To be a little more specific: please make clear to your SO what you mean by communication and what form it needs to take to meet your emotional needs. You might think that discussing dinner plans every morning is communicating, but your SO probably wouldn't agree.

Read His Needs Her Needs.


----------



## nikoled (Mar 12, 2014)

Keep spending time together! It is so hard to put the marriage first above everything else and honestly I would have thought someone was crazy if they had told me to always do that, but really, do always put your marriage first. Hard to do when kids, jobs, life come along, but so, so important!


----------



## Jellybeans (Mar 8, 2011)

Communicate


----------



## GIM003 (Feb 5, 2014)

# 1 really is communication

But a good #2 is Respect.
Respect yourself. Respect your partner.
What you say and what you do should always reflect respect for yourself and respect for you wife/husband.


----------



## P51Geo1980 (Sep 25, 2013)

Romance Deluxe said:


> If you're married/ divorced or in a relationship, what is THE ONE, above all, gemstone advice you'll place in the hands of a marriage candidate?
> 
> Be it a :smthumbup::smthumbup::smthumbup: or a :nono::nono::nono: or both?


NEVER EVER stop making your spouse feel desired. EVER.
_Posted via Mobile Device_


----------



## anchorwatch (Mar 5, 2012)

Don't be complacent and think once you marry you don't have to work at the relationship any longer. Many fail because they think courting ends after the wedding.


----------



## sparkyjim (Sep 22, 2012)

As a man I would say that the number one thing is *do not neglect* the romance in your marriage. I say that men should "lead" in a relationship and when I say that I mean mostly that they should "lead" in this area. I think that if they do then everything else will fall into it's proper place.


----------



## Married but Happy (Aug 13, 2013)

You both MUST be commited to each other's happiness, well-being, and growth, and consistently act in ways that show it. If one is more consistently critical, or acts in ways that create insecurity, or doesn't show the kind and level of affection the other needs, or doesn't treat you with kindness and compassion - don't marry.

Communication greatly aids in achieving this, but communication without true caring and compassion is only a means for manipulation.


----------



## Romance Deluxe (May 28, 2014)

Great ones! One side question for the communication advice...what if your spouse and you communicate at different levels?


----------



## Jellybeans (Mar 8, 2011)

Then you better figure that sh*t out. Because that is one of the main reasons people divorce/break up.


----------



## Jellybeans (Mar 8, 2011)

Married but Happy said:


> If one is more consistently critical, or acts in ways that create insecurity, or doesn't show the kind and level of affection the other needs, or doesn't treat you with kindness and compassion - don't marry.


:iagree:


----------



## Philat (Sep 12, 2013)

Romance Deluxe said:


> Great ones! One side question for the communication advice...what if your spouse and you communicate at different levels?

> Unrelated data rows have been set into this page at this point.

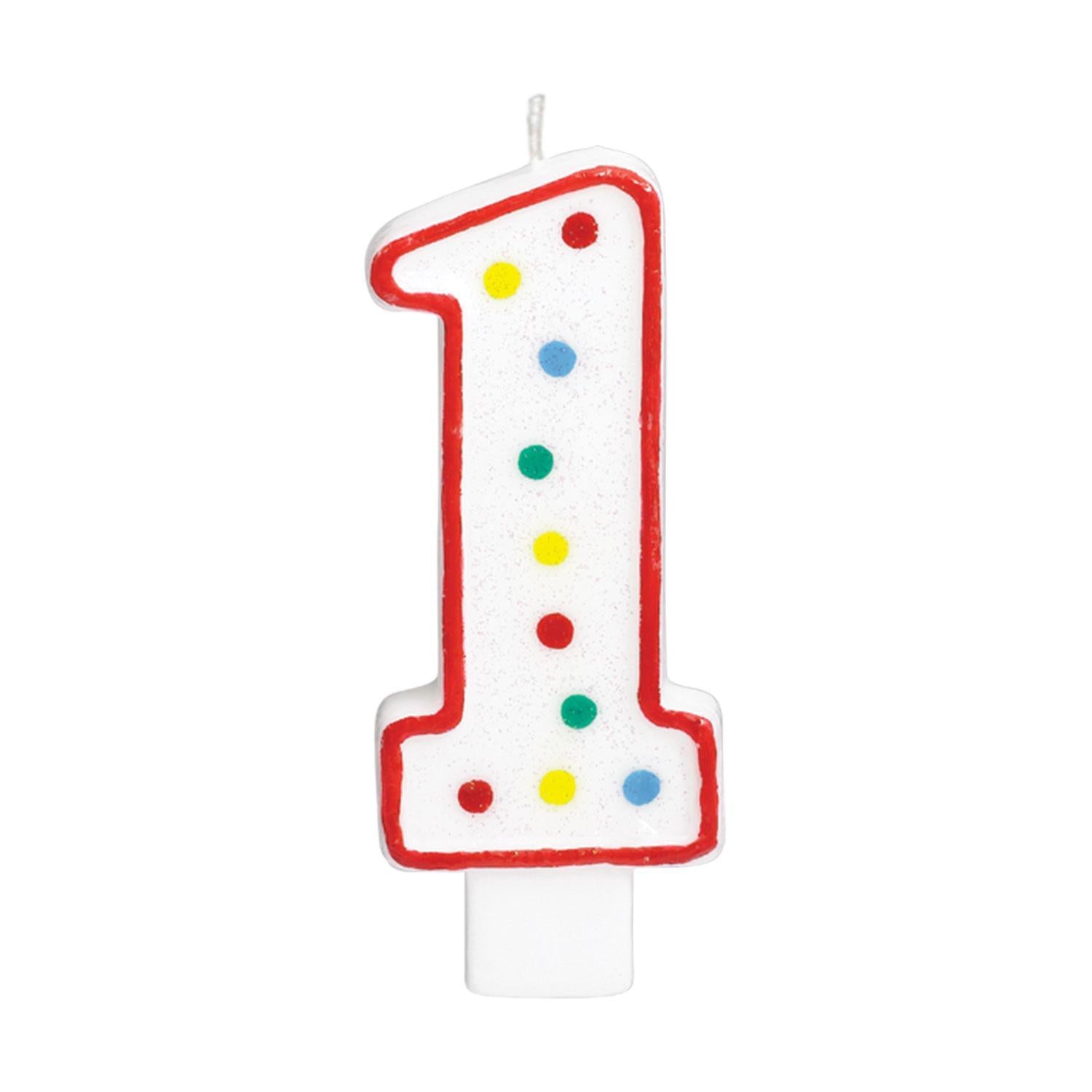 Number 1  Polka Dot Molded Candle 5in Party Accessories - Party Centre - Party Centre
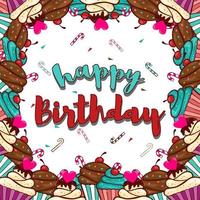 Happy Birthday with cupcake background greeting card template with copy space in the center vector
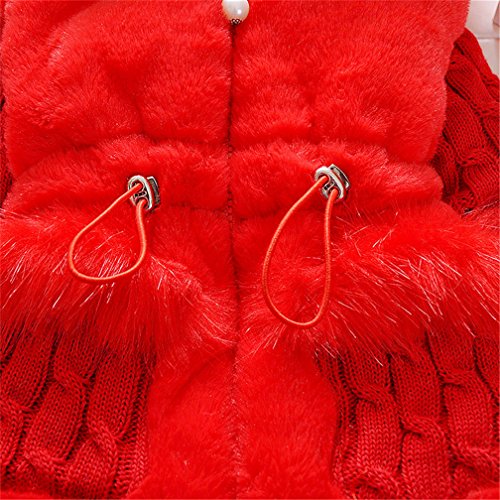 DORAMI Baby Girls Winter Autumn Cotton Warm Cotton Jacket Coat (US Size 3T, Tag Size 10, Red)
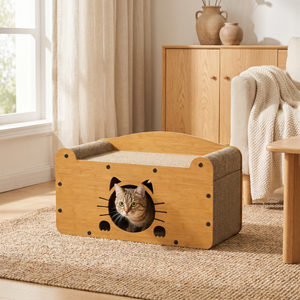 Cat in wooden scratcher bed with cat-shaped cutout, cozy living room pet furniture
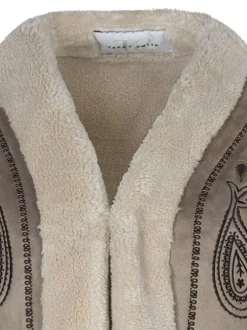 Blouson beige à coupe droite avec motifs cachemire et un col v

That's exactly what His Needs Her Needs is about. Also the Languages of Love. Good resources for reconciling these kinds of things.


----------



## Cosmos (May 4, 2012)

Romance Deluxe said:


> Great ones! One side question for the communication advice...what if your spouse and you communicate at different levels?


Find a common level at which you can both communicate.


----------



## Eagle3 (Dec 4, 2013)

Don't stop "dating" your spouse. All the things you do and say to your partner leading up to marriage should not be stopped because you put a ring on a finger.


----------



## Omego (Apr 17, 2013)

Make sure you are SURE! I mean to say, make sure you are completely passionate about the person you are planning to marry. If you have any second thoughts, or are not experiencing that "head over heels" feeling, step back and wait.


----------



## unbelievable (Aug 20, 2010)

Marriage has very little to do with sex or attraction and a whole lot to do with service and sacrifice. If this isn't clear to your prospective mate, don't marry them. 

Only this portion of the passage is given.